* **Data provided**:
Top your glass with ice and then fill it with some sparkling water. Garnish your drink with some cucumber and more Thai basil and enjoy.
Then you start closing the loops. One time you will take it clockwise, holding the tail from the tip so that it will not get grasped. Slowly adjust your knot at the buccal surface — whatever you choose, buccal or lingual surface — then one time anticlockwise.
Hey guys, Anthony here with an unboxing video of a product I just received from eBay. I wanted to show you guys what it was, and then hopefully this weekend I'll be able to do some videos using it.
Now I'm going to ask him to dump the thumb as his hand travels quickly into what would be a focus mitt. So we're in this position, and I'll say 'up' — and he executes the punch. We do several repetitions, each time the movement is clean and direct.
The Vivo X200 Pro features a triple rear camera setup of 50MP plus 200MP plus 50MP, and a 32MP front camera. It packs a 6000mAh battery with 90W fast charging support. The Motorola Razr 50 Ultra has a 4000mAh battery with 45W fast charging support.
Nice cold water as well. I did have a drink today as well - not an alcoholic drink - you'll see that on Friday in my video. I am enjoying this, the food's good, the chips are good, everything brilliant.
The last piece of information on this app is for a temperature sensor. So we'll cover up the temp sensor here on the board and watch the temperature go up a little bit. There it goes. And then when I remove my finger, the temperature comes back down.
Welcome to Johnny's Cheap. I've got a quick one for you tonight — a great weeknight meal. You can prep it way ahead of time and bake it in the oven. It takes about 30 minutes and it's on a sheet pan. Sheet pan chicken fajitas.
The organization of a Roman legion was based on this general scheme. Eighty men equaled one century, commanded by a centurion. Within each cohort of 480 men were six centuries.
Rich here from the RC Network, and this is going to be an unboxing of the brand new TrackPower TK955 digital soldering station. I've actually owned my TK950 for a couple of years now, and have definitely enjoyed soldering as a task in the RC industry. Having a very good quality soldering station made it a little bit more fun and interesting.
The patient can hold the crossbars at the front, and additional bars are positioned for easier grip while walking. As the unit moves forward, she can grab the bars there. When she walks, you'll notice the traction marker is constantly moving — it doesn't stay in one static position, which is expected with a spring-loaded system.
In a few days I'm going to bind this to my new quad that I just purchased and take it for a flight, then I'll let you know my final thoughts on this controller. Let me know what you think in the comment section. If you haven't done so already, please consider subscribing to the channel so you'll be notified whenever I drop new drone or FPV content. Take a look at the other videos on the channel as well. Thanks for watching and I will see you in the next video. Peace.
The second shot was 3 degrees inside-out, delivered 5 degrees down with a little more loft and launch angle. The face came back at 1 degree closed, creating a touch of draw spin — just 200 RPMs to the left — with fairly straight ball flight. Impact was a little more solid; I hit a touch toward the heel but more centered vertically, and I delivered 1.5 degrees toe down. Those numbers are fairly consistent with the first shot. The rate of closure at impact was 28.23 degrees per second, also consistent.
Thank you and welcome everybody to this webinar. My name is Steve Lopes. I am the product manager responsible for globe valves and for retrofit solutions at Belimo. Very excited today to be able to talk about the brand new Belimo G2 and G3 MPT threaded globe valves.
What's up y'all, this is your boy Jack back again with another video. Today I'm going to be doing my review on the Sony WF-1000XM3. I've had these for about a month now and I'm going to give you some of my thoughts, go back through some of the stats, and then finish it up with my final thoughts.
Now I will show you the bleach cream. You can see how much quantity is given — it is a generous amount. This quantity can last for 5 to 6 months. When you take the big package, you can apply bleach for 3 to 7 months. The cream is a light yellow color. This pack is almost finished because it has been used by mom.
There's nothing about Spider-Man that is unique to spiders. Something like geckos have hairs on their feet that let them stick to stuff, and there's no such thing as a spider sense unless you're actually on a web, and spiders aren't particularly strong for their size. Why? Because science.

* **Exercise goal**:
Repeat the data precisely, reproducing every entry.

* **Written solution**:
Top your glass with ice and then fill it with some sparkling water. Garnish your drink with some cucumber and more Thai basil and enjoy.
Then you start closing the loops. One time you will take it clockwise, holding the tail from the tip so that it will not get grasped. Slowly adjust your knot at the buccal surface — whatever you choose, buccal or lingual surface — then one time anticlockwise.
Hey guys, Anthony here with an unboxing video of a product I just received from eBay. I wanted to show you guys what it was, and then hopefully this weekend I'll be able to do some videos using it.
Now I'm going to ask him to dump the thumb as his hand travels quickly into what would be a focus mitt. So we're in this position, and I'll say 'up' — and he executes the punch. We do several repetitions, each time the movement is clean and direct.
The Vivo X200 Pro features a triple rear camera setup of 50MP plus 200MP plus 50MP, and a 32MP front camera. It packs a 6000mAh battery with 90W fast charging support. The Motorola Razr 50 Ultra has a 4000mAh battery with 45W fast charging support.
Nice cold water as well. I did have a drink today as well - not an alcoholic drink - you'll see that on Friday in my video. I am enjoying this, the food's good, the chips are good, everything brilliant.
The last piece of information on this app is for a temperature sensor. So we'll cover up the temp sensor here on the board and watch the temperature go up a little bit. There it goes. And then when I remove my finger, the temperature comes back down.
Welcome to Johnny's Cheap. I've got a quick one for you tonight — a great weeknight meal. You can prep it way ahead of time and bake it in the oven. It takes about 30 minutes and it's on a sheet pan. Sheet pan chicken fajitas.
The organization of a Roman legion was based on this general scheme. Eighty men equaled one century, commanded by a centurion. Within each cohort of 480 men were six centuries.
Rich here from the RC Network, and this is going to be an unboxing of the brand new TrackPower TK955 digital soldering station. I've actually owned my TK950 for a couple of years now, and have definitely enjoyed soldering as a task in the RC industry. Having a very good quality soldering station made it a little bit more fun and interesting.
The patient can hold the crossbars at the front, and additional bars are positioned for easier grip while walking. As the unit moves forward, she can grab the bars there. When she walks, you'll notice the traction marker is constantly moving — it doesn't stay in one static position, which is expected with a spring-loaded system.
In a few days I'm going to bind this to my new quad that I just purchased and take it for a flight, then I'll let you know my final thoughts on this controller. Let me know what you think in the comment section. If you haven't done so already, please consider subscribing to the channel so you'll be notified whenever I drop new drone or FPV content. Take a look at the other videos on the channel as well. Thanks for watching and I will see you in the next video. Peace.
The second shot was 3 degrees inside-out, delivered 5 degrees down with a little more loft and launch angle. The face came back at 1 degree closed, creating a touch of draw spin — just 200 RPMs to the left — with fairly straight ball flight. Impact was a little more solid; I hit a touch toward the heel but more centered vertically, and I delivered 1.5 degrees toe down. Those numbers are fairly consistent with the first shot. The rate of closure at impact was 28.23 degrees per second, also consistent.
Thank you and welcome everybody to this webinar. My name is Steve Lopes. I am the product manager responsible for globe valves and for retrofit solutions at Belimo. Very excited today to be able to talk about the brand new Belimo G2 and G3 MPT threaded globe valves.
What's up y'all, this is your boy Jack back again with another video. Today I'm going to be doing my review on the Sony WF-1000XM3. I've had these for about a month now and I'm going to give you some of my thoughts, go back through some of the stats, and then finish it up with my final thoughts.
Now I will show you the bleach cream. You can see how much quantity is given — it is a generous amount. This quantity can last for 5 to 6 months. When you take the big package, you can apply bleach for 3 to 7 months. The cream is a light yellow color. This pack is almost finished because it has been used by mom.
There's nothing about Spider-Man that is unique to spiders. Something like geckos have hairs on their feet that let them stick to stuff, and there's no such thing as a spider sense unless you're actually on a web, and spiders aren't particularly strong for their size. Why? Because science.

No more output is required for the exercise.